Miał być dziś haul zakupowy, ale uznałam, że tego typu posty będę udostępniać w niedziele. W tedy śmiało będę mogła robić zdjęcia zakupom z całego tygodnia :) Oczywiście nie będę tego publikować co tydzień, ale jak nadarzy się coś ciekawego to podzielę się tym z Wami.
O szkole za dużo pisać nie będę, bo pewnie nikogo to i tak nie interesuje...

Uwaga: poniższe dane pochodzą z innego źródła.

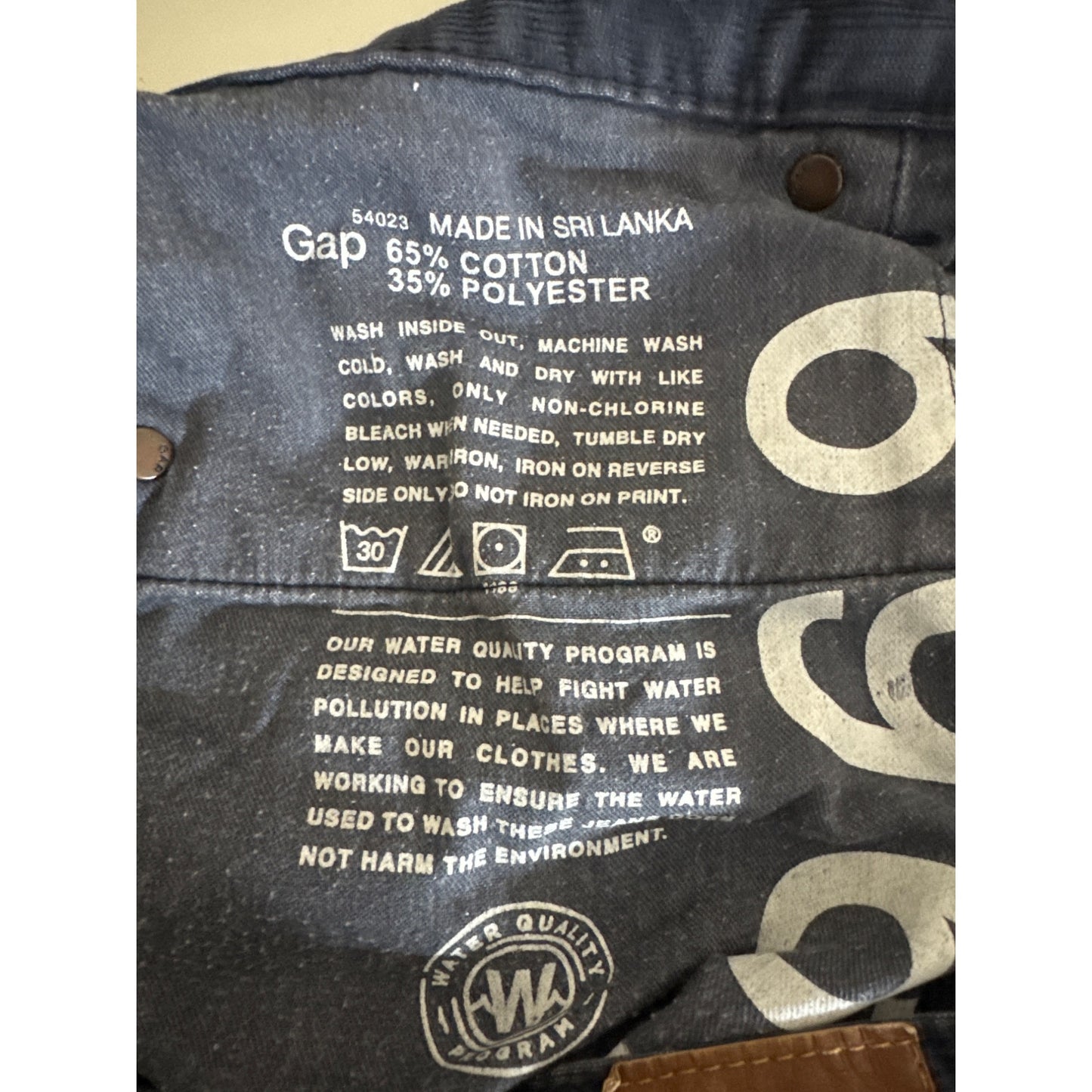 Gap Mens Blue Corduroy Pants Size 33x32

Było beznadziejnie i to chyba najbardziej pechowy dzień z całego tygodnia. Na pierwszej lekcji niezapowiedziana kartkówka na, którą nic nie umiałam (jedyneczka do poprawy), potem jedynka za brak pracy domowej z informatyki o, której nikt mi nie powiedział (a mnie w tedy nie było...) i jeszcze zapomniałam wziąć książek od matematyki na lekcje...cała ja, ''sierotka Marysia'', jak to mnie pan od informatyki nazywa.
------------------------------------------------------------------------------------------------------------------------
Nie zdziwcie się, jeżeli na blogu pojawią się jeszcze Bożonarodzeniowe słodycze. Mam ich jeszcze trochę w swoich zapasach więc niestety będę nimi bombardować. Dzisiejszy produkt, był moim marzeniem od bardzo, bardzo dawna.
Dzięki kochanej Patrycji, z którą robiłam wymianę na święta, miałam okazję ich spróbować. Jak wypadły? Zapraszam :)
Skład:
Wygląd: To co powodowało, że chciałam strasznie spróbować tych bałwanków, było niczym innym, jak ich wygląd. Słodka grafika na opakowaniu, słodki kształt czekoladki i ta nazwa ''chocolate mousse'', która od razu przynosi na myśl kremowy i puchaty mus, który rozpływa się na języku.
Czekoladka po otwarciu wyglądała IDENTYCZNIE jak na opakowaniu. Każdy detal został dopracowany, co bardzo mnie ucieszyło, bo im jedzenie jest ładniejsze i urocze tym bardziej je chcę ;)
Smak: Po otwarciu naszego bałwana od razu wiedziałam, że będzie słodko i intensywnie czekoladowo. Szybko wyczułam mocną nutę wyjątkowo mlecznej (jak na Cadbury przystało) czekolady i wyraźnej nuty kakao. Czekolada, która oblewa mus jest mleczna, słodka i taka, jak w tradycyjnych tabliczka tej marki. To coś pomiędzy Milką, a Goplaną, która ma tą charakterystyczną mleczno-migdałową nutę. Warstwa tej polewy była solidna, ale niestety bardzo szybko topi się pod wpływem ciepła palców. Mus w środku bałwanka był bardzo miękki, napowietrzony i ultra kakaowy. Oczywiście nie zabrakło tu mlecznej nuty, ale to kakao wiodło prym zdecydowanie. Mus szybko rozpuszczał się na języku i zostawiał bardzo przyjemne ''czekoladowe błotko'', które swoją słodyczą rozbrajało mnie i moje kubki smakowe. Podczas jedzenia go wiedziałam, że znam ten smak i ...no tak! Przecież bardzo podobne w smaku są jajeczka
Milka Loffel Ei czekoladowe (klik!).
Tylko czemu mi tu to smakuje, a jajeczka kompletnie zawiodły? Czyżby zmieniły mi się smaki? Nie mam pojęcia, ale będe miała okazję to sprawdzić, bo mam wersję czekoladowych jajeczek z tego roku ;)
Ogólnie bałwanek jest pyszny, a jedynie co bym zmieniła, to obniżyła poziom słodyczy o połowę i dodała jeszcze więcej kakao. Z tego co się orientuję, to Milka w Niemczech też wypuszcza identyko bałwanki więc i może u nas się pojawią? Oby!
Podsumowując:
8+/10
Cena - prezent
Czy kupię ponownie? - Czekam na takie w Polsce!